● Records for this exercise:
★ ★ ★ ★ ★

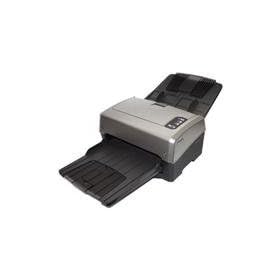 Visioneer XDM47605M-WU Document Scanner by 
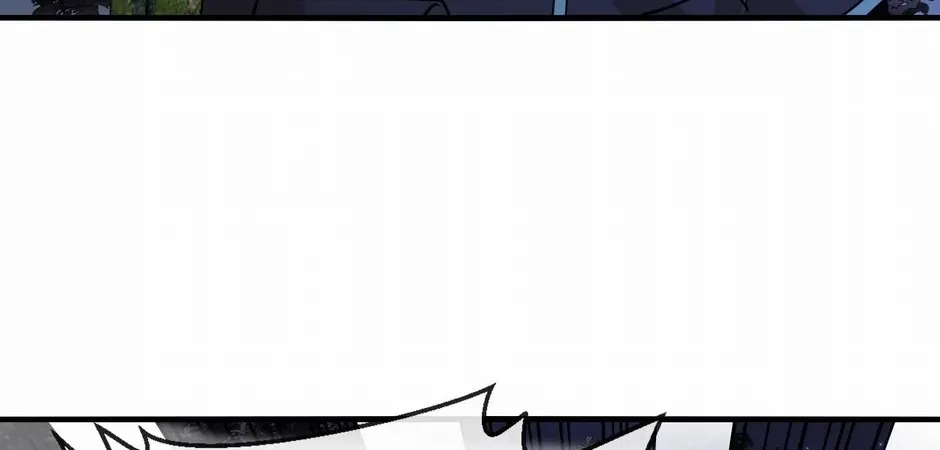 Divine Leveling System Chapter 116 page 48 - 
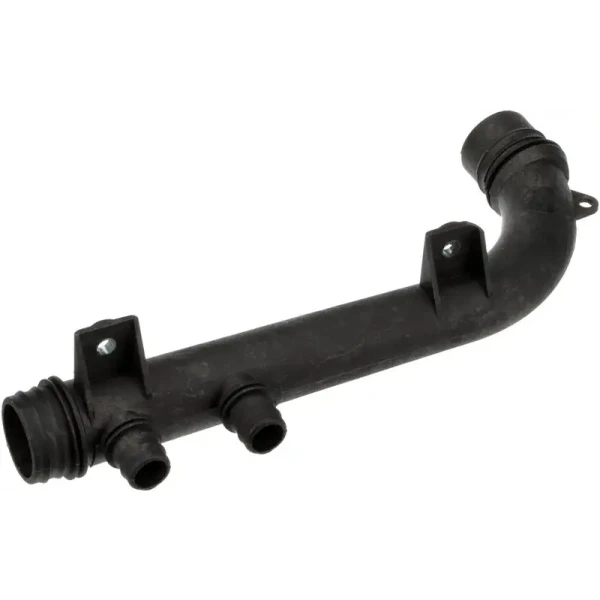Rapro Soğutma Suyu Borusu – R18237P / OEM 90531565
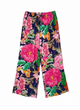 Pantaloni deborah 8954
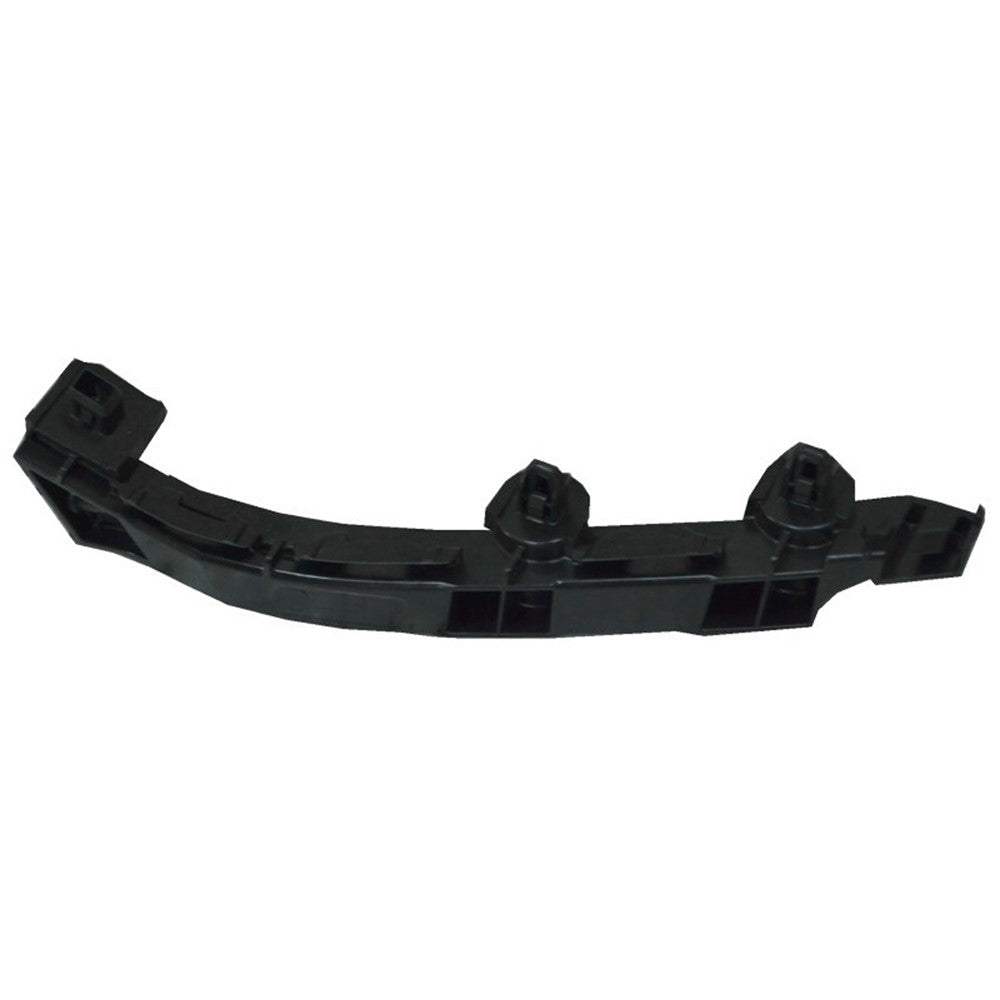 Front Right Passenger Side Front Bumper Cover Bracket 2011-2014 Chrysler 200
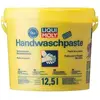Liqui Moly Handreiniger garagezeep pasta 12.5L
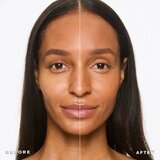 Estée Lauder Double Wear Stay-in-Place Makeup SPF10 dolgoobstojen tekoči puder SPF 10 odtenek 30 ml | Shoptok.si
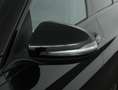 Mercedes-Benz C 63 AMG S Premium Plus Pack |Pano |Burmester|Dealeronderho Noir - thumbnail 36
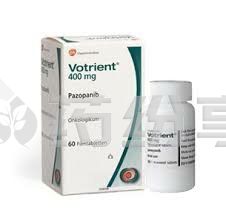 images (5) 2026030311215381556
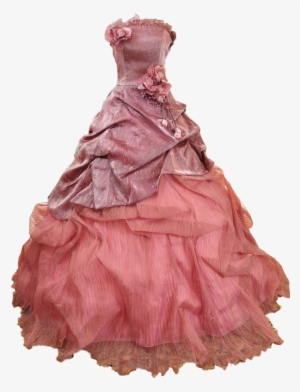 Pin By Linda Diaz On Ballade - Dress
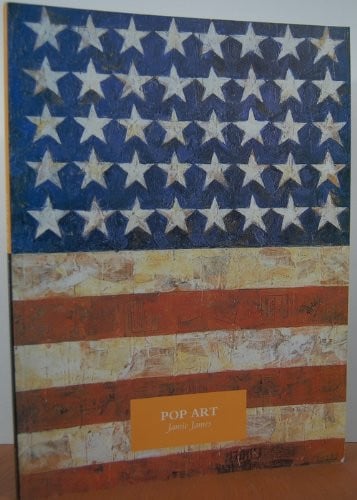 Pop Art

★ ★ ★ ★ ★

● Exercise description:
None of the pictures belong in the copy. Write out exactly the lines from the line that holds "Estée Lauder Double" through the last line of the listing above, both ends included.

● Finished exercise:
 Estée Lauder Double Wear Stay-in-Place Makeup SPF10 dolgoobstojen tekoči puder SPF 10 odtenek 30 ml | Shoptok.si
 Mercedes-Benz C 63 AMG S Premium Plus Pack |Pano |Burmester|Dealeronderho Noir - thumbnail 36
 images (5) 2026030311215381556
 Pin By Linda Diaz On Ballade - Dress
 Pop Art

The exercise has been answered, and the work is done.